Stored data:
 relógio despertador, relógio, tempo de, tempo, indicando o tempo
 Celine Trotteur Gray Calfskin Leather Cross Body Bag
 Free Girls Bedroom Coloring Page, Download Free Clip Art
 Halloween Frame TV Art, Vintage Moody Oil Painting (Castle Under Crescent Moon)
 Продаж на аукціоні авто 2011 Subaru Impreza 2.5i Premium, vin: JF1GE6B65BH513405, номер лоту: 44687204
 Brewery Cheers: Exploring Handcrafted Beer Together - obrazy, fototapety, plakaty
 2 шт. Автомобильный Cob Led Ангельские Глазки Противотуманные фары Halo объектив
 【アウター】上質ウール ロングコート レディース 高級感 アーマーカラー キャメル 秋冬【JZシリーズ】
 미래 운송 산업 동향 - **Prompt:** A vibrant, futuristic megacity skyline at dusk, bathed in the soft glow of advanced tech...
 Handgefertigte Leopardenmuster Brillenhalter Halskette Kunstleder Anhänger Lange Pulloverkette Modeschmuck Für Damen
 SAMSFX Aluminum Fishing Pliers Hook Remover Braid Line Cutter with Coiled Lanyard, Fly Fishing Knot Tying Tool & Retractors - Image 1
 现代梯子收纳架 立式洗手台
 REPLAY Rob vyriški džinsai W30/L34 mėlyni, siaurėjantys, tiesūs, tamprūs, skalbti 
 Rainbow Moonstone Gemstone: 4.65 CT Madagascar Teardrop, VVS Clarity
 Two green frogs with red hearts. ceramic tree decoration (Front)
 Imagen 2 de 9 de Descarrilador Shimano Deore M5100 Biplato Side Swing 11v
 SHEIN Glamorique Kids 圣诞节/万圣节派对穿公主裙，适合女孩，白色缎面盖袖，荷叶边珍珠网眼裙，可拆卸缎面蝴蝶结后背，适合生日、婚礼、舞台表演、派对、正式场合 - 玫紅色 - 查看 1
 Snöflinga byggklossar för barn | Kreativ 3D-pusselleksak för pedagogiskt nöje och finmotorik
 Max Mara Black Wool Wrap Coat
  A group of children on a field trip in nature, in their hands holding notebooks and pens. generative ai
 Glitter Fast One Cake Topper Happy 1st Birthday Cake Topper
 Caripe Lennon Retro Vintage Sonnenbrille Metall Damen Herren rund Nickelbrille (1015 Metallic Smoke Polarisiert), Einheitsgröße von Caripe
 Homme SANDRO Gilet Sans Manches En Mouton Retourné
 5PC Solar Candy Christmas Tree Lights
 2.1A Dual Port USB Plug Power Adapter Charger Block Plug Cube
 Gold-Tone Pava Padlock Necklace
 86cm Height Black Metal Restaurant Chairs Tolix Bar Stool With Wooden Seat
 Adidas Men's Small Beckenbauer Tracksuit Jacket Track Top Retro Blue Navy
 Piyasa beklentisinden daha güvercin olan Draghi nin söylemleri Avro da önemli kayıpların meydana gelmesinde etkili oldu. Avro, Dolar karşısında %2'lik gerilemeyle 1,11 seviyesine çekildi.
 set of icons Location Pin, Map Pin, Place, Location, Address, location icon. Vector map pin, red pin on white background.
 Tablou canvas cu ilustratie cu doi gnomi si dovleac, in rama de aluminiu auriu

Work required: What is needed is a verbatim copy of every line in the records above from the one containing "アーマーカラー キャメル 秋冬【JZシリーズ】" down to the one containing "set of icons", both included, and nothing more.

Exercise answer:
 【アウター】上質ウール ロングコート レディース 高級感 アーマーカラー キャメル 秋冬【JZシリーズ】
 미래 운송 산업 동향 - **Prompt:** A vibrant, futuristic megacity skyline at dusk, bathed in the soft glow of advanced tech...
 Handgefertigte Leopardenmuster Brillenhalter Halskette Kunstleder Anhänger Lange Pulloverkette Modeschmuck Für Damen
 SAMSFX Aluminum Fishing Pliers Hook Remover Braid Line Cutter with Coiled Lanyard, Fly Fishing Knot Tying Tool & Retractors - Image 1
 现代梯子收纳架 立式洗手台
 REPLAY Rob vyriški džinsai W30/L34 mėlyni, siaurėjantys, tiesūs, tamprūs, skalbti 
 Rainbow Moonstone Gemstone: 4.65 CT Madagascar Teardrop, VVS Clarity
 Two green frogs with red hearts. ceramic tree decoration (Front)
 Imagen 2 de 9 de Descarrilador Shimano Deore M5100 Biplato Side Swing 11v
 SHEIN Glamorique Kids 圣诞节/万圣节派对穿公主裙，适合女孩，白色缎面盖袖，荷叶边珍珠网眼裙，可拆卸缎面蝴蝶结后背，适合生日、婚礼、舞台表演、派对、正式场合 - 玫紅色 - 查看 1
 Snöflinga byggklossar för barn | Kreativ 3D-pusselleksak för pedagogiskt nöje och finmotorik
 Max Mara Black Wool Wrap Coat
  A group of children on a field trip in nature, in their hands holding notebooks and pens. generative ai
 Glitter Fast One Cake Topper Happy 1st Birthday Cake Topper
 Caripe Lennon Retro Vintage Sonnenbrille Metall Damen Herren rund Nickelbrille (1015 Metallic Smoke Polarisiert), Einheitsgröße von Caripe
 Homme SANDRO Gilet Sans Manches En Mouton Retourné
 5PC Solar Candy Christmas Tree Lights
 2.1A Dual Port USB Plug Power Adapter Charger Block Plug Cube
 Gold-Tone Pava Padlock Necklace
 86cm Height Black Metal Restaurant Chairs Tolix Bar Stool With Wooden Seat
 Adidas Men's Small Beckenbauer Tracksuit Jacket Track Top Retro Blue Navy
 Piyasa beklentisinden daha güvercin olan Draghi nin söylemleri Avro da önemli kayıpların meydana gelmesinde etkili oldu. Avro, Dolar karşısında %2'lik gerilemeyle 1,11 seviyesine çekildi.
 set of icons Location Pin, Map Pin, Place, Location, Address, location icon. Vector map pin, red pin on white background.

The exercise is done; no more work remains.